A DC-10-10 airliner modified for aerial firefighting is making a spectacular debut at this year’s show. The DC-10 Super Tanker dumps 7,000 U.S. gallons of water in only eight seconds along the airshow flightline, from a series of external tanks mounted along the centerline (see picture page 1).
Quietly developed over the past two years by private U.S. investors, the capability could be a crucial counter to devastating wildfires such as those that ravaged southern France and the western U.S. last year.
The 10 Tanker STC company is a joint venture between the principals of Omni Air International, a U.S.-certificated carrier already operating DC-10s, and Cargo Conversions, owned by Rick Hatton. The joint venture hopes to achieve Federal Aviation Administration certification (inclusive of FAR 36 Stage III noise compliance) in July. The tank installation and flight tests have been taking place at Victorville Airport, the former George Air Force Base at the edge of the Mojave Desert in southern California.
Hatton told Aviation International News that the water dump system uses the computerized gravity-feed system favored by the U.S. Forest Service. The drop rate is controlled from the cockpit and is governed by the extent to which the tank doors are opened. It can be adjusted to meet the requirements of firefighters on the ground: the maximum drop is 12,000 U.S. gallons at a rate of 1,500 gallons per second. “Essentially, we’ve taken the system that was proven by Erickson Air-Crane on its S-64 helicopter and scaled it up for the DC-10,” he said.
The aircraft has an operational radius of 500 nm when fully loaded and a ferry range of 3,000 nm. In an area the size of the U.S. or Australia, five aircraft could be positioned so that any fire could be reached within one hour. The tanks can be refilled on the ramp in eight seconds.

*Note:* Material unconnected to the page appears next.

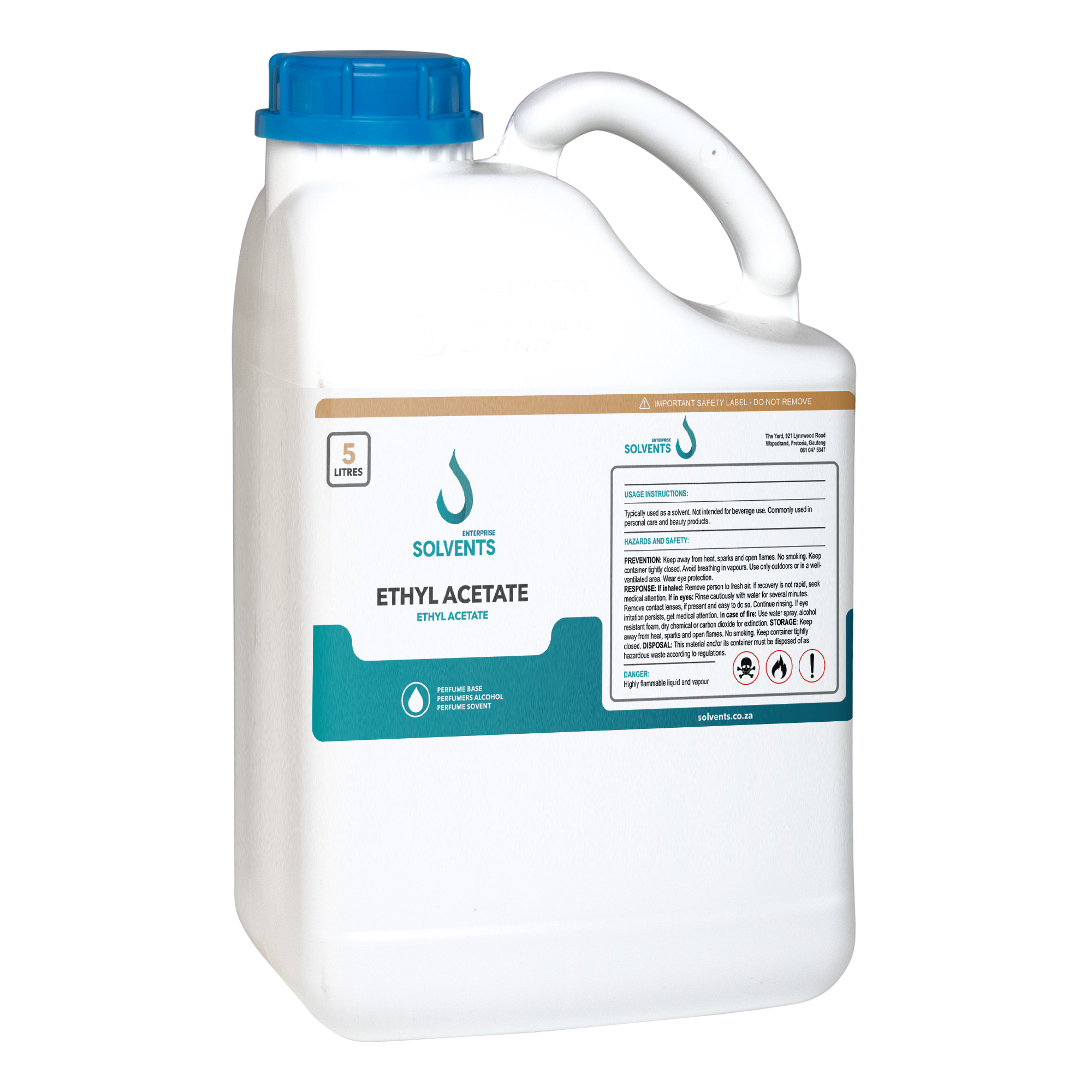 Ethyl Acetate (5L)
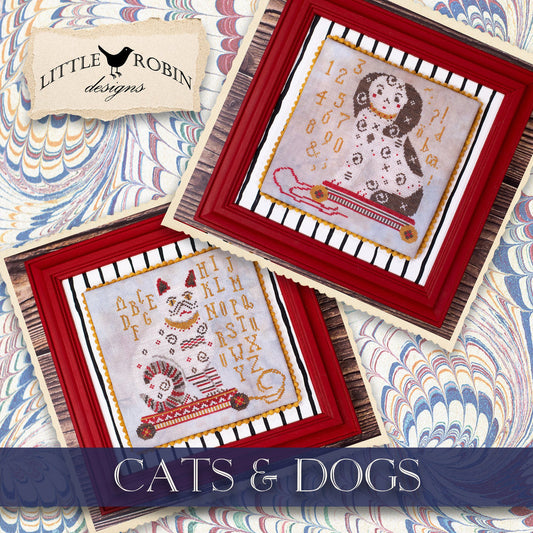 Cats & Dogs by Little Robin Designs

Airshow rules limit the drop height here to 300 feet, but this can be as low as 150 feet at a speed of 142 knots, “providing excellent maneuverability, stall margin, and pullout capability,” according to Hatton.
The flying qualities have been tested in a simulator, as well as on this airplane and a DC-10 freighter at “significantly higher weights than the Super Tanker will operate,” he added.
After certification, 10 Tanker intends to offer the firefighting service itself, and Hatton sees an initial market for multiple aircraft. The company will perform aerial demonstration drops here at approximately 3.30 p.m. from today until Thursday.